Using MPR, it has been possible to estimate global parameters simultaneously in ten randomly selected river basins that are able to reproduce streamflow in over 319 Pan-European without recalibration at a spatial resolution of 0.25◦ × 0.25◦ (see pink line in Figure 2). The basins’ area vary from 100 km2 to 50 000 km2. As a reference, the blue line indicates the CDF of the NSE obtained after calibration at every basin separately. The performance in a given location is better than the compromise solution (shown in pink), but the later, in turn, is by far a better estimate than those obtained at a single location that is transferred everywhere else (cross-validation test results shown in grey lines).

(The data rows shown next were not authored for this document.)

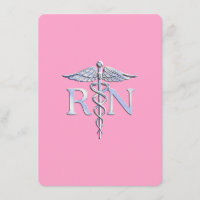 Enfermeiro Registrado RN Caduceus em Rosas claro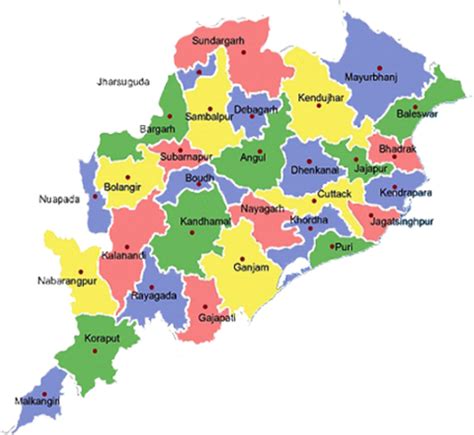 Odisha Map Odisha State Map Orissa Map - Bank2home.com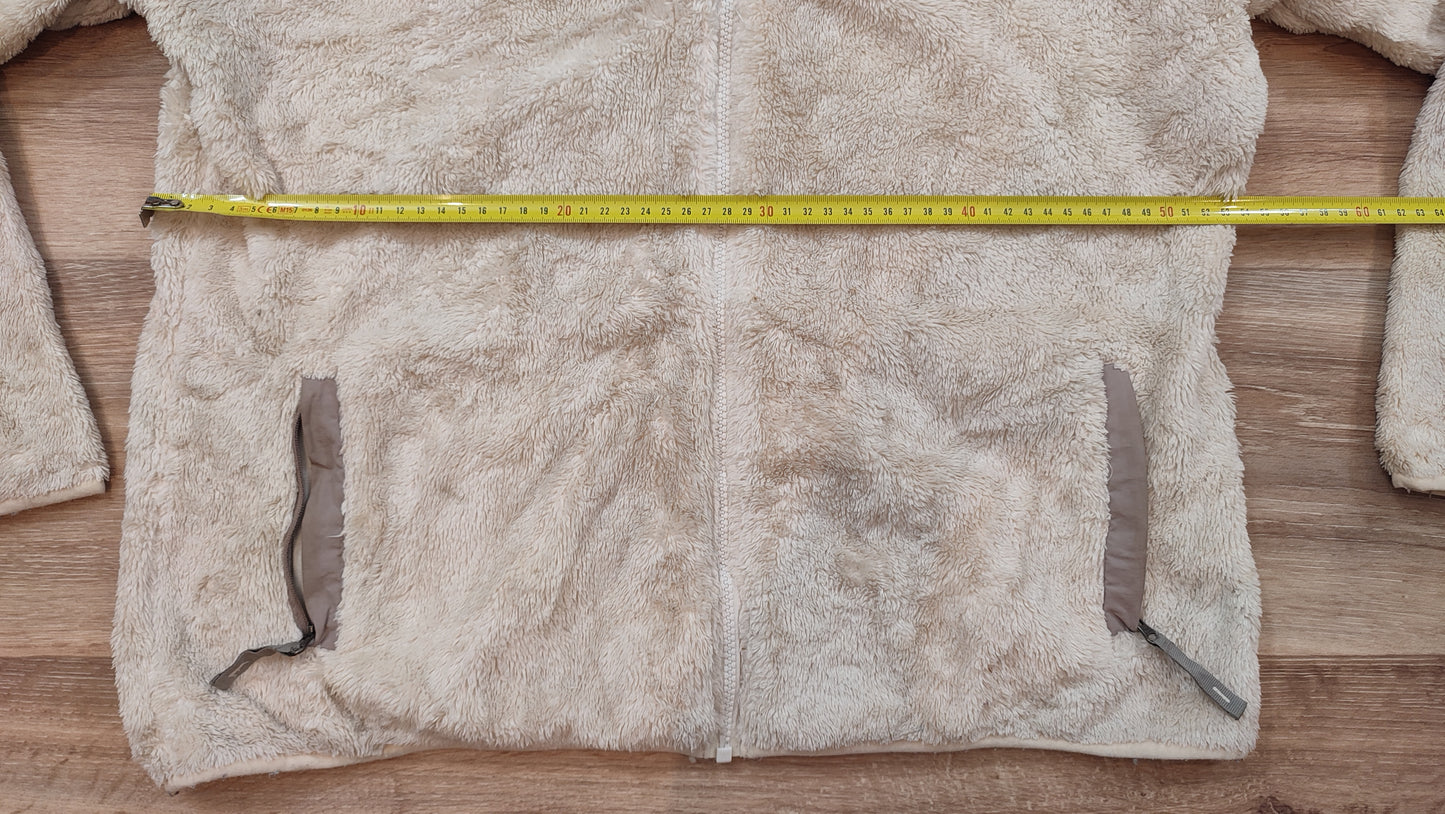 Vêtement veste polaire zippé blanc crème L.L.Bean taille L #Retrostreet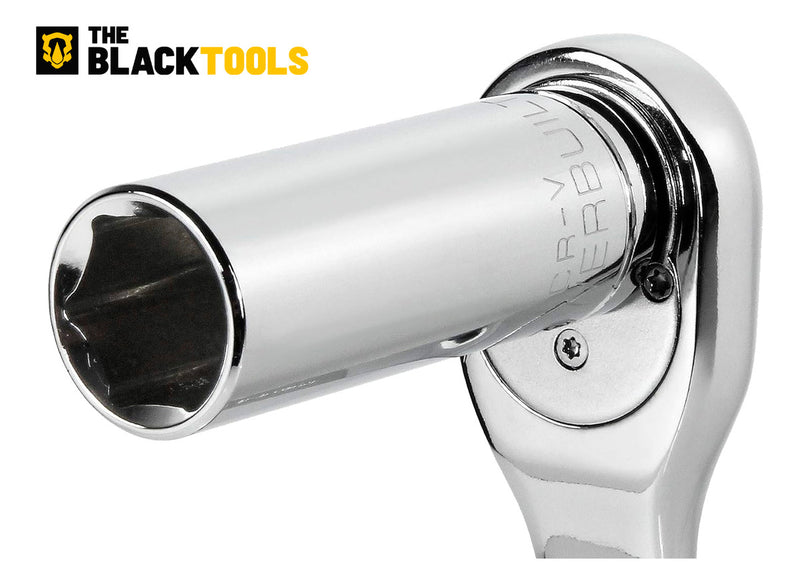 Jogo De Soquetes Longos Sextavado 1/2 Pol Aço Crv 10 A 22mm Tks100 The Black Tools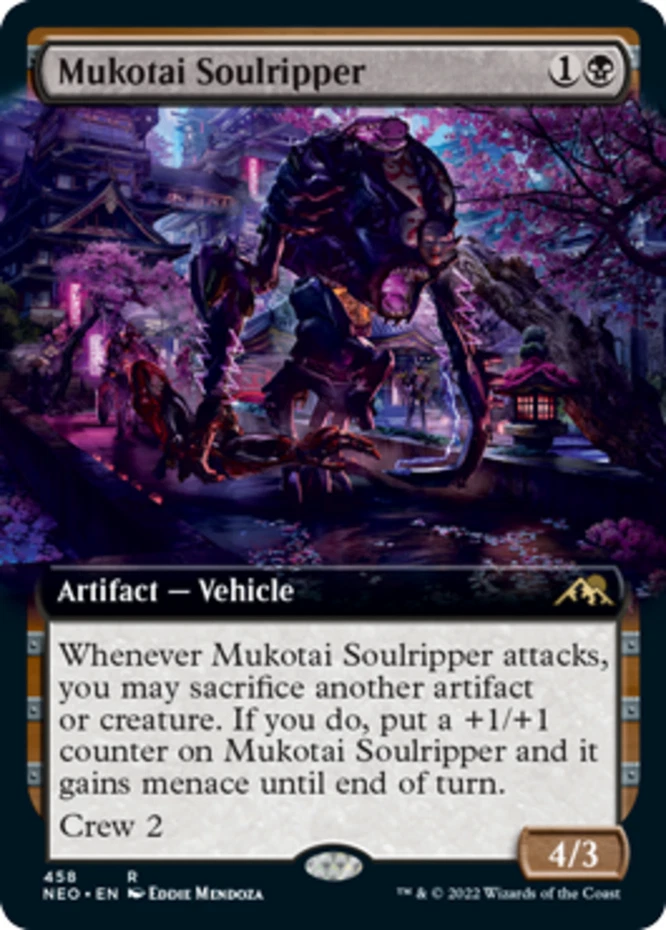x1 Mukotai Soulripper - Extended Art - Kamigawa: Neon Dynasty - NM - MTG - Image 1 of 1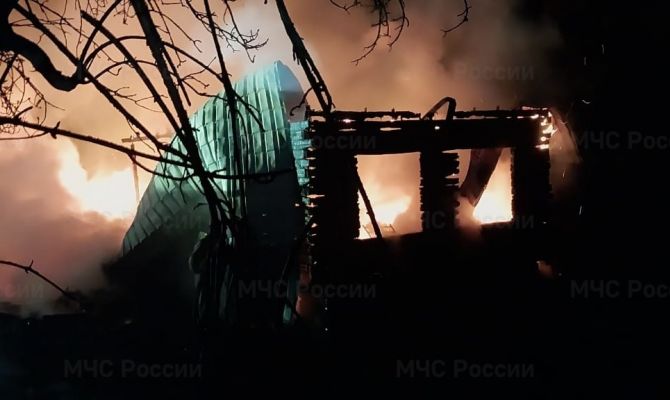 На пожаре в Белевском районе погиб пожилой мужчина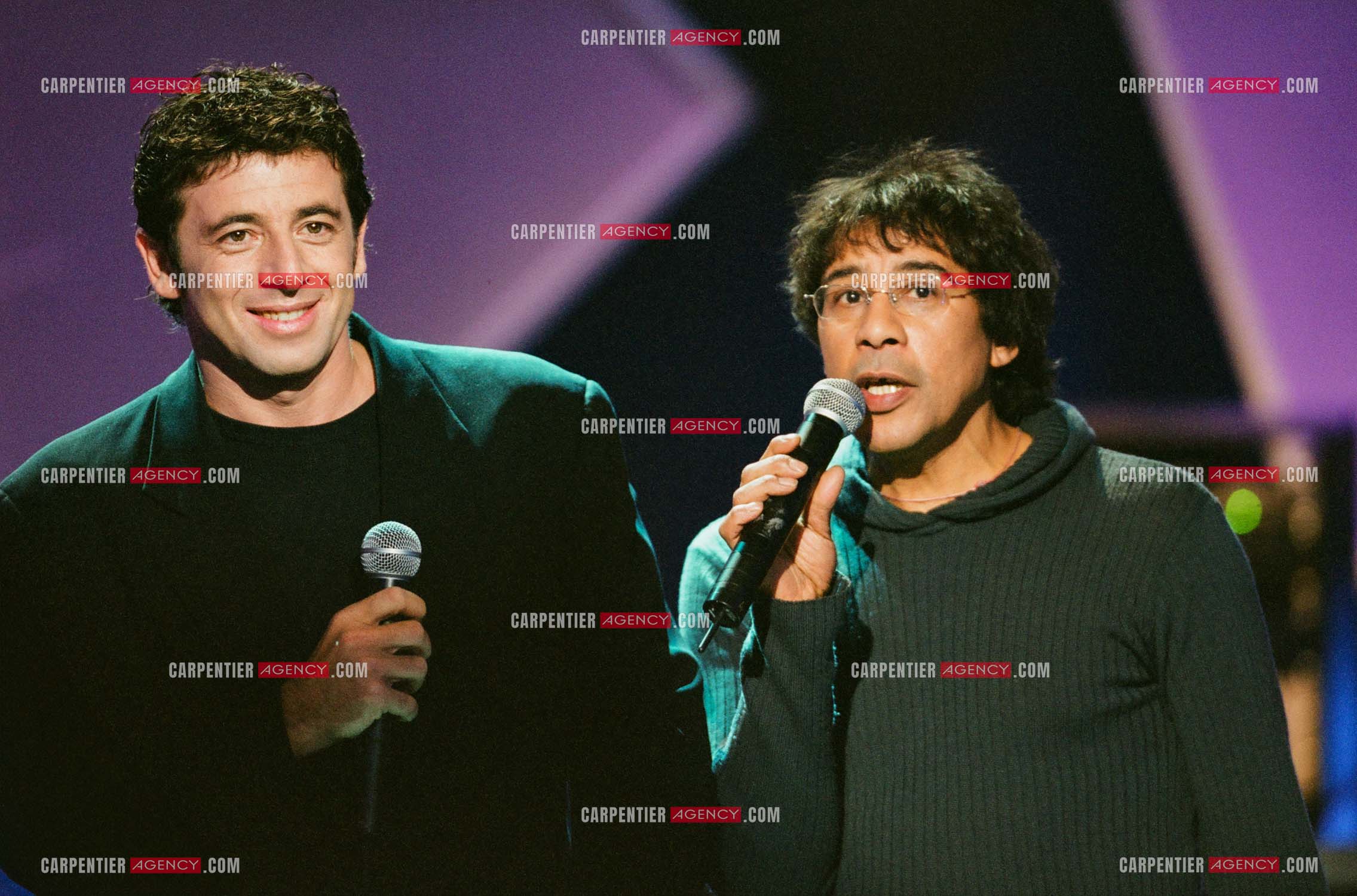 Les chanteurs Patrick Bruel et Laurent Voulzy invités de l'émission spéciale “ELA“.  ( Exclusif )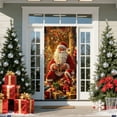 thumbnail image 4 of Uuiauoio Christmas Door Cover Christmas Hanging Banner Backdrop Photography Background Door Decorations Outdoor Decor ,Christmas Day Door Decoration - Festival Party Decoration, 4 of 6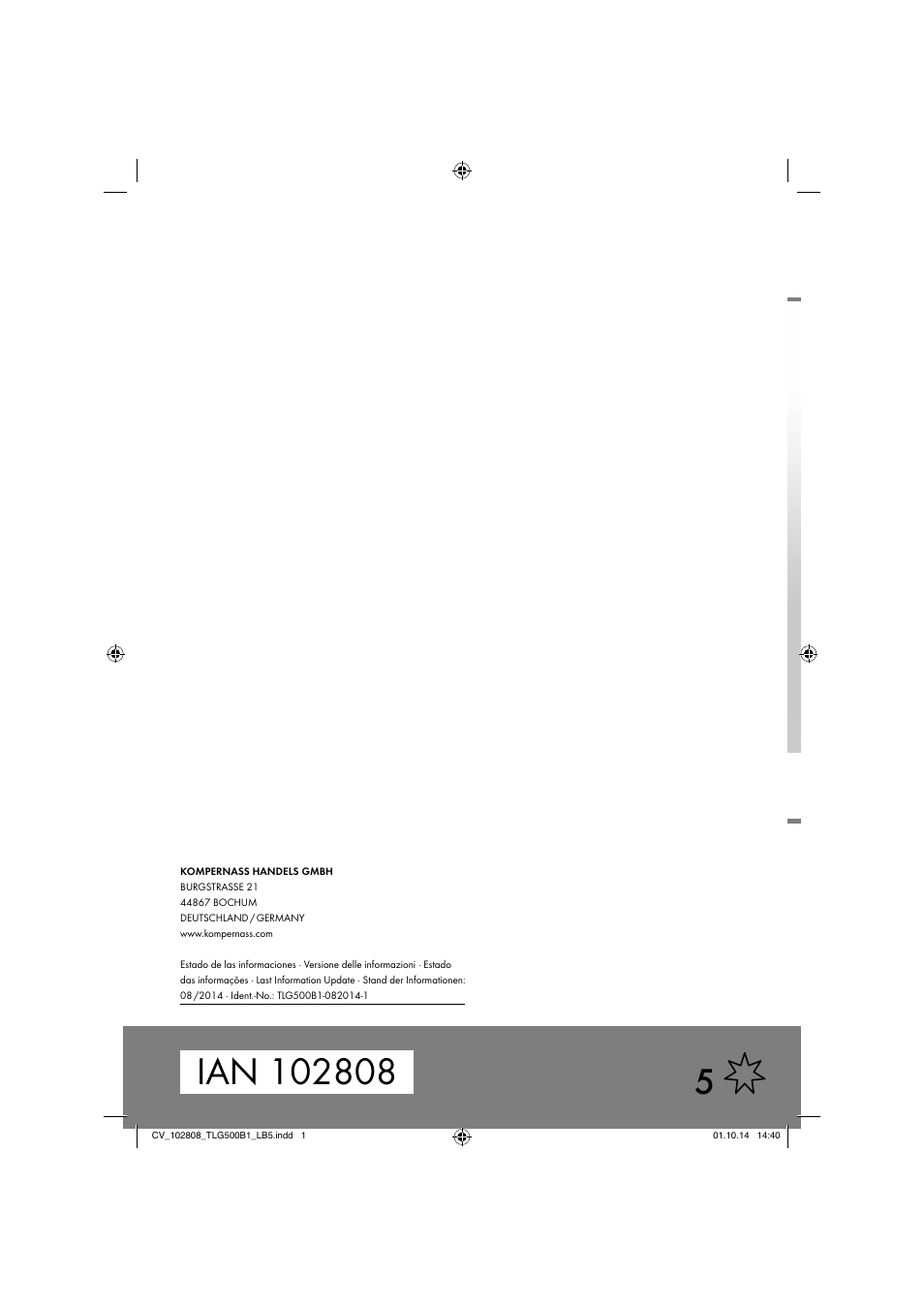 Tronic TLG 500 B1 User Manual | Page 64 / 64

This figure also depicts that the performance of mHM in the cross-validation tests indicate that 50% of the basins exhibit a median NSE efficiency greater that 0.5. Low NSE values are related to basins having a very low raingage density and/or having strong anthropogenic influence.
Figure 2: Performance of a compromised solution over 319 Pan-EU basins. CDF depicting performance of the compromised solution (pink), the cross-validated single site performance (grey), and at-site calibration results (blue). Based on Samaniego et al. .
The parameters used for the compromised solution depicted in pink also allows to reproduce the total water storage anomalies observed by GRACE at a spatial resolution of 1◦×1◦ very well. Another advantage of this method is that it allows to make simulations without discontinuities in distributed variables such as soil moisture and actual evapotranspiration. This is a typical problem occurring when a model is calibrated basin-wise. All these improvements in model parameterization will contribute to increase the forecasting skill of the model. But this is not the end of this story: better parameterizations of a LSM will improve the predictions of the NWP models due to the number of complex non-linear feedback mechanisms.
Currently we are expanding our efforts in implementing the MPR technique into the land-surface model NOAH-MP to demonstrate the applicability of this technique in the context of this LSM [Thober et al., 2014], which is part of the WRF-HYDRO system. Eventually, we expect that parameterizations based on the MPR technique would contribute to reduce the predictive uncertainty of WRF-HYDRO and similar systems.
I thank the constructive comments provided by Rohini Kumar, Stephan Thober, and Olrich Rakovec.